ASSIGNMENT
If a picture appears in the records, skip it; copy everything else exactly.

TASK INPUT

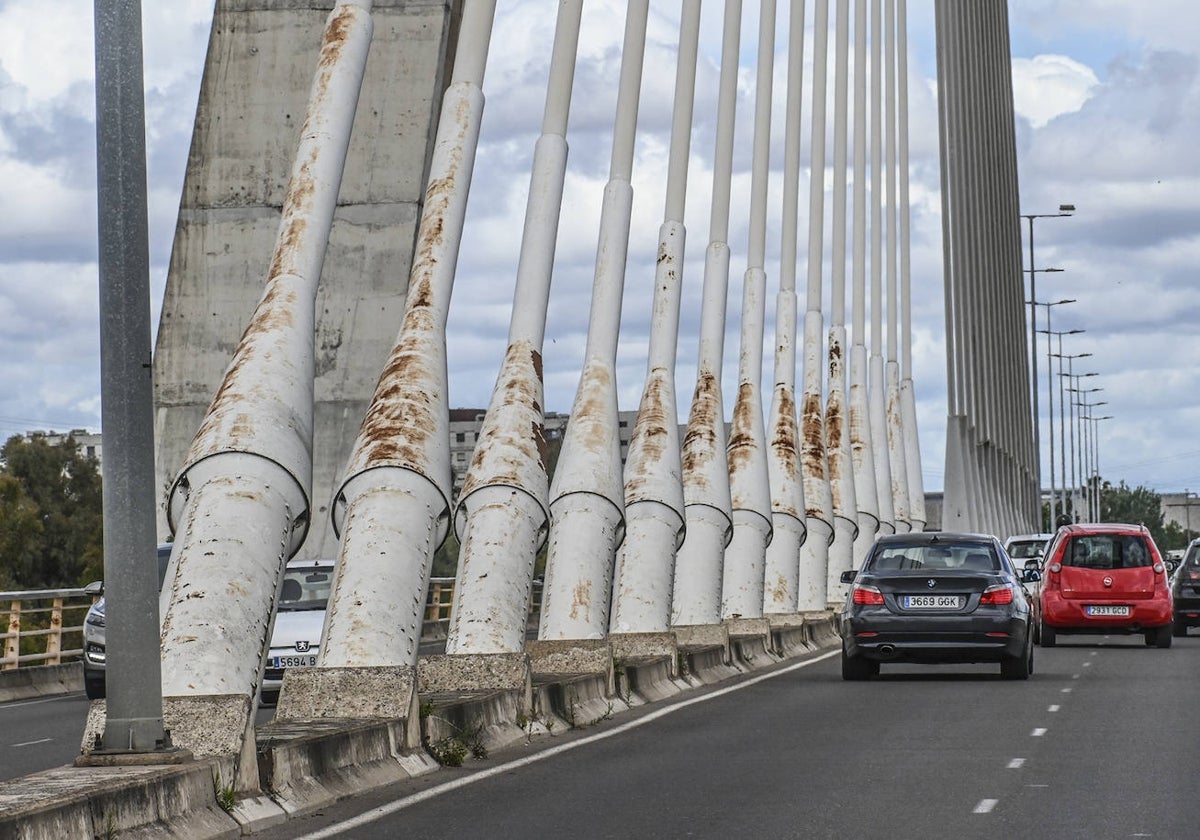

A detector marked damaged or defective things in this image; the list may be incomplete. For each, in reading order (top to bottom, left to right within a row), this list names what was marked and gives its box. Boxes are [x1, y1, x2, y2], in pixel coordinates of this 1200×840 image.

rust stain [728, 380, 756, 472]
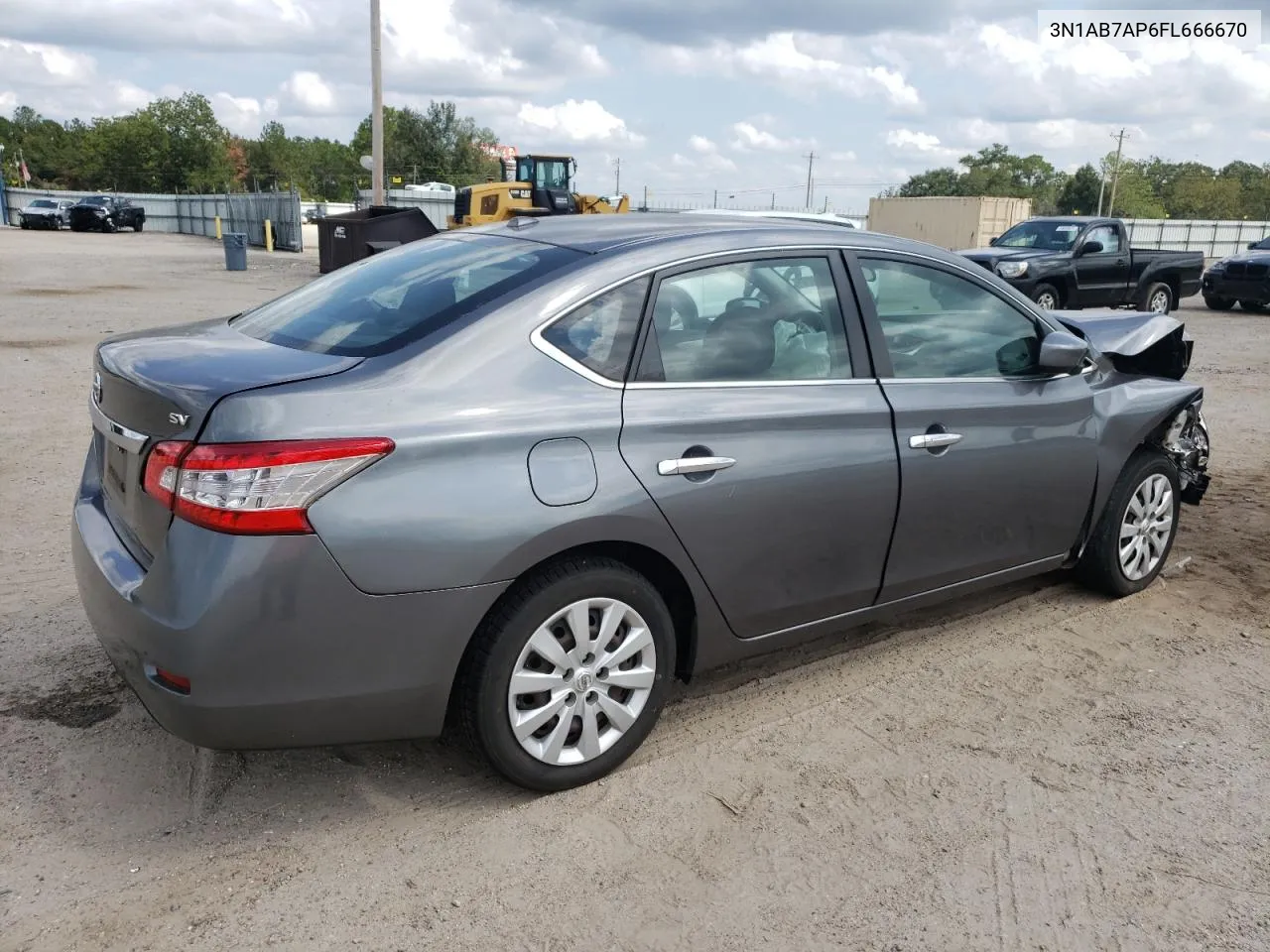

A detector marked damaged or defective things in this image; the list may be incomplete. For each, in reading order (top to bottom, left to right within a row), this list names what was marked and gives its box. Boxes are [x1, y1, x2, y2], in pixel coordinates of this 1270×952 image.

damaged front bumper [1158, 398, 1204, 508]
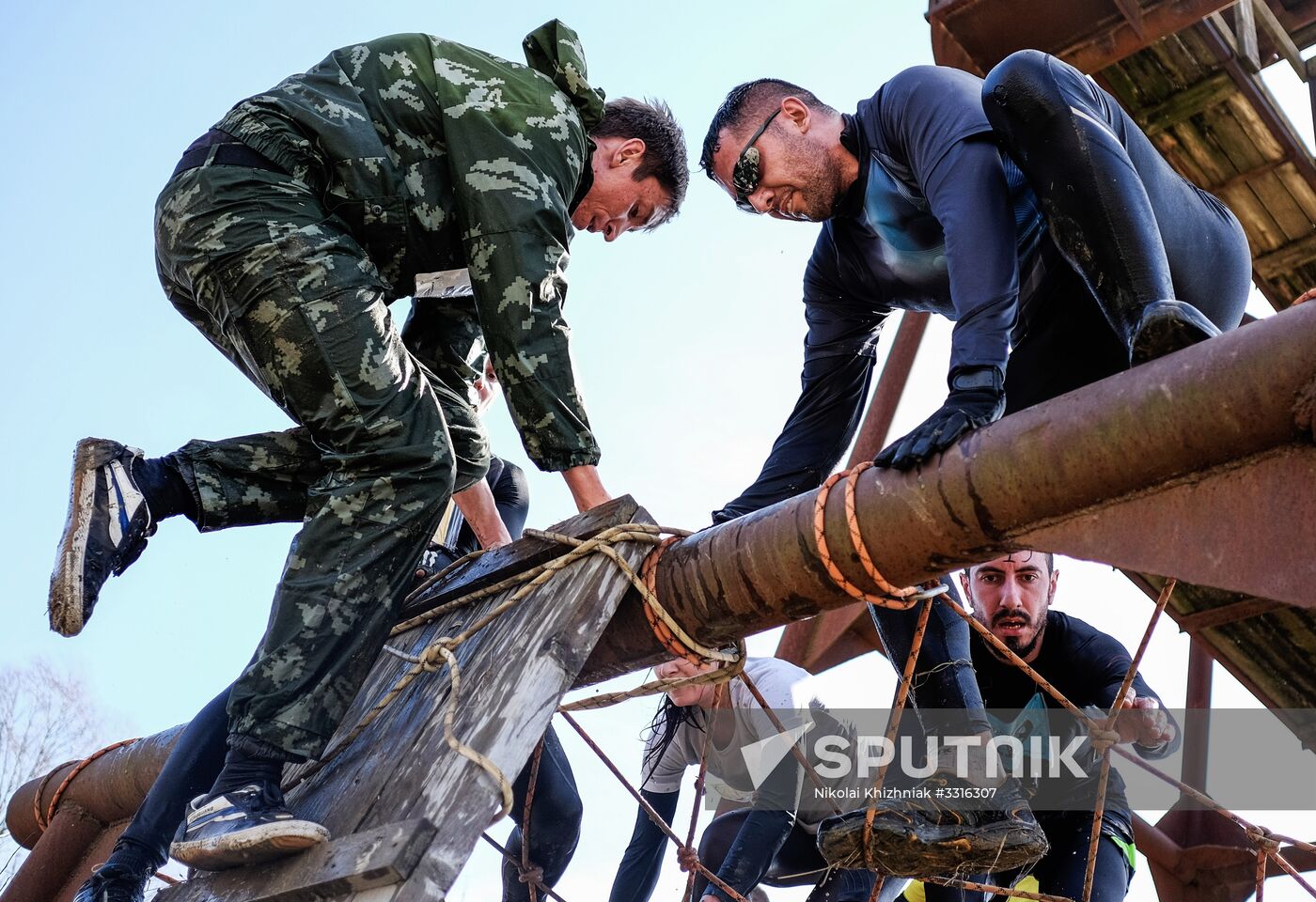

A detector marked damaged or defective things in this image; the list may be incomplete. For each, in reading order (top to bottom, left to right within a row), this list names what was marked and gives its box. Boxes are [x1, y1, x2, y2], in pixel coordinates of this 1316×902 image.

ANSWER
A detector marked damaged or defective things in this image; the list may be incomplete. For each, in reading order (top to bottom, left to right within a row), this list names what was marked and gives its box. Boxes are [x1, y1, x2, y2], in pixel coordinates of this 1200×840 image.

rust stain [728, 380, 756, 472]

A detector marked damaged or defective things in this image; the list may be incomplete. For each, in reading order (top to bottom, left to right within a row), this list names what was marked and gives its box. Boxes are [x1, y1, x2, y2], in pixel coordinates of this 1270×952 image.

damaged front bumper [1158, 398, 1204, 508]

A detector marked damaged or defective things in this image; the list may be incomplete. For each, in reading order (top to bottom, left to right within a row), this list names what was marked and gives its box. Boxes are [x1, y1, x2, y2], in pixel coordinates of this 1316×902 image.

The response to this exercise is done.